Representatives of liberal arts colleges from around the country will meet at Hope College on Thursday-Saturday, June 20-22, to consider the use of information technology as a learning tool.
Hope will be hosting the annual meeting of the Consortium of Liberal Arts Colleges (CLAC). Approximately 130 representatives of 59 liberal arts colleges will attend.
The conference's theme is "CLAC 2002: Gadgets, Gizmos and Gigabytes: Great Stuff?" The event will examine whether or not new technologies are useful in education, how to measure their effectiveness and examples of use.
The keynote address, "Literacy for the Just Do It Generation," will consider how the emerging, computational- based environments and traditional text-based contexts might blend to present an engaging way for students to learn. The speaker, Dr. Elliot Soloway, is professor in the College of Engineering, School of Education and School of Information at the University of Michigan, and leads the Center for Highly Interactive Computing in Education. Additional sessions include "Wireless Networking: What's It For?," "Learning Objects: The New New Thing or Same as it Ever Was?" "Paper Waste and Social Norming," and "One Card: Big Brother or Great Service."

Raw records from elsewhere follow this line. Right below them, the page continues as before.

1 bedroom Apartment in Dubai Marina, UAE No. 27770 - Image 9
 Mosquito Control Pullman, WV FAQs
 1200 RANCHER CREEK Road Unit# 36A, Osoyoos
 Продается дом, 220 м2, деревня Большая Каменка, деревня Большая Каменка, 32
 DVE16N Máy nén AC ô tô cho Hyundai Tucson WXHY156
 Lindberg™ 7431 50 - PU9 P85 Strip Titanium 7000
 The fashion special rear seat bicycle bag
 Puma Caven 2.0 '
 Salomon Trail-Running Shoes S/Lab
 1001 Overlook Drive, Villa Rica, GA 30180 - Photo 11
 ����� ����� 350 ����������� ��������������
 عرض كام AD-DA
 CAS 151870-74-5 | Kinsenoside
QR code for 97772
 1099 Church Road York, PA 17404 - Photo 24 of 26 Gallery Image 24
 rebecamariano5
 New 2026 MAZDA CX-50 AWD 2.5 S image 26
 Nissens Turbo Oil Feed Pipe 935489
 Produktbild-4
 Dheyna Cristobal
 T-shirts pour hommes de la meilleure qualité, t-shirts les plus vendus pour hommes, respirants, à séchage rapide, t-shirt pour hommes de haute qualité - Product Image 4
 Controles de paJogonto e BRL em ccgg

CLAC focuses on the uses of computing and related technologies in the service of the liberal arts mission, including academic computing, administrative computing, library automation, Web services, telecommunications and campus-wide networking. The first annual conference was held in 1987.
The conference's participating institutions span the nation, and range from Amherst College in Amherst, Mass., and Connecticut College in New London, Conn., to Harvey Mudd College and Pomona College in Claremont, Calif. In addition to Hope, the Michigan schools attending are Albion College, Alma College and Kalamazoo College.
Corporate sponsors of this year's conference include Ameritech, Apple Computer Inc., CDW, Element K, Gateway Inc., and the Haworth Inn and Conference Center.